I purchased some citric acid from Akins last night as I'm lucky enough to have a store relatively near me:
Citric Acid 100% Pure - Now Foods. I couldn't find the canning citric acid, of course this is absolutely the wrong time of year to try to find canning supplies. I wanted to get pure citric acid to avoid lemon flavor, and also the sugar in lemon juice. I mixed the citric acid with distilled water, approximately 20% solution which is probably WAY stronger than needed. Super sour stuff and I'm wondering what the PH is... I'm too lazy to calculate this right now but it's probably more acidic than any lemon juice is ever going to be.

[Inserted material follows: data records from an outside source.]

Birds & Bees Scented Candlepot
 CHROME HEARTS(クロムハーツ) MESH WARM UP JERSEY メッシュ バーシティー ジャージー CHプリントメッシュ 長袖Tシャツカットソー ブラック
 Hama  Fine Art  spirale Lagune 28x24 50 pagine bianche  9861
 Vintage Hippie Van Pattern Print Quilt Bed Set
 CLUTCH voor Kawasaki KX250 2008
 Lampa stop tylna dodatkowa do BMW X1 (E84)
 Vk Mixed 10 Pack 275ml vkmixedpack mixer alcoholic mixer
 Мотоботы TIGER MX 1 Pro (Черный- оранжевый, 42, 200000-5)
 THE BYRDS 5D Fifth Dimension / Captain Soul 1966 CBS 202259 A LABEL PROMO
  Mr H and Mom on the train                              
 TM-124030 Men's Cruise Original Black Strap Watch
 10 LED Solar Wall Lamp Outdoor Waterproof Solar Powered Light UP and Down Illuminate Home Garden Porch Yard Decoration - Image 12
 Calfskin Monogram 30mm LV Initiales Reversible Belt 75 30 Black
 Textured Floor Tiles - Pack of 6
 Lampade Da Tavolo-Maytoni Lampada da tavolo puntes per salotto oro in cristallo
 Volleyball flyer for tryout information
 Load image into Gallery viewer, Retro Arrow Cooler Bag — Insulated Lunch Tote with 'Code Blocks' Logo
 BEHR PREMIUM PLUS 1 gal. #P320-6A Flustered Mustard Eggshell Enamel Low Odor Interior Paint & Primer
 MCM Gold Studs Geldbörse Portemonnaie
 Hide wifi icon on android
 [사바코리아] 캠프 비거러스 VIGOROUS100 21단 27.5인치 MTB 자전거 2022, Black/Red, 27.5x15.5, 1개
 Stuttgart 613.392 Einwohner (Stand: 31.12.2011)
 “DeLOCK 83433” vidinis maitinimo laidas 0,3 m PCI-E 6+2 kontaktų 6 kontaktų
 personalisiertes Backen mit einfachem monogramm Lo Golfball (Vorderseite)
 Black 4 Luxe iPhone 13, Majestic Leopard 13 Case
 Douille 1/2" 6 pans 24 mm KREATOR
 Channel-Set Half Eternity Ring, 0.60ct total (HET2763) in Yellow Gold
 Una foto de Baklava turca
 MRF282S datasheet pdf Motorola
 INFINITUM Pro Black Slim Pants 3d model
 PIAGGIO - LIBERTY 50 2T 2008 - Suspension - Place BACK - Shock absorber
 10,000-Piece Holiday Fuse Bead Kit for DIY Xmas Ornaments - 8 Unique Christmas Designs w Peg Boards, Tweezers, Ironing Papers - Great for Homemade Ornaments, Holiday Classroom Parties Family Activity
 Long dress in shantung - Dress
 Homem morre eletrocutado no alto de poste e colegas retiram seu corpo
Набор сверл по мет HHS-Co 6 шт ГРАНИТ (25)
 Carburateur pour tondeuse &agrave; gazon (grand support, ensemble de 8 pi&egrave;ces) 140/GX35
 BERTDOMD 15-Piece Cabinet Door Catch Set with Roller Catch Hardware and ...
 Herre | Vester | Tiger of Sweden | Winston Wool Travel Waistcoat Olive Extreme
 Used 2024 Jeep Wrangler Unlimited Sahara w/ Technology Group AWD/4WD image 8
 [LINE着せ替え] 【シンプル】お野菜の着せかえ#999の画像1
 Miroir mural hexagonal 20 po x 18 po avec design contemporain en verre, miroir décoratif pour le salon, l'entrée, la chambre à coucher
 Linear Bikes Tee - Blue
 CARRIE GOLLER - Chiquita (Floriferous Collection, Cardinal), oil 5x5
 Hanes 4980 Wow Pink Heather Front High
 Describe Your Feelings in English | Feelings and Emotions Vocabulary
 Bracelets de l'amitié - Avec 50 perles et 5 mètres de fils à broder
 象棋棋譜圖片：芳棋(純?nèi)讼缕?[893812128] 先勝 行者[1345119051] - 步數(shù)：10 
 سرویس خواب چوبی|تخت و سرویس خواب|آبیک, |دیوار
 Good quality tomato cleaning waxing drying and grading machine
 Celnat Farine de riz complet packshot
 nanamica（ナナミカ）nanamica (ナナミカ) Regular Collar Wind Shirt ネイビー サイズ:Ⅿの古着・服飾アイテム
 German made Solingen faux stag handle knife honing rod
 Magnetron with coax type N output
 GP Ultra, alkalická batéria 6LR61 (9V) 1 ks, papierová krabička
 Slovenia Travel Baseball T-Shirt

I've mixed one drop of the citric acid solution into Capella's gingerbread 10% flavoring and I'm not tasting any adverse effects from it. The flavor is "brighter" than I remember, there is a slight aftertaste. I think I'm going to cut the citric acid solution to half strength. I don't feel that this particular flavor would be adversely affected by lemon undertones though.
I'm mainly doing this to test the preservative effects of adding acid to the mix. I'm wanting to run an experiment with 3 or more solutions containing acids to compare side by side the outcome. I'm going to do this with TPA "toasted marshmallow" flavor since this one has been problematic for me. This flavor turns dark brown after several days to a week, gets acrid, becomes very harsh, and the last stage becomes a waxy flavor that in no way resembles the original. I get the same problem with Capella's raspberry, vanilla custard (diacetyl warning!), and several other flavors that I like. I have some vanilla custard I've left sitting as a pseudo-experiment, I think it has turned to tar. I don't know how others can't be having this happening?
I'll post photographic results when I get that far, probably in a week or two.
*Edit
tl;dr - experimenting with the long term storage effects of adding acid.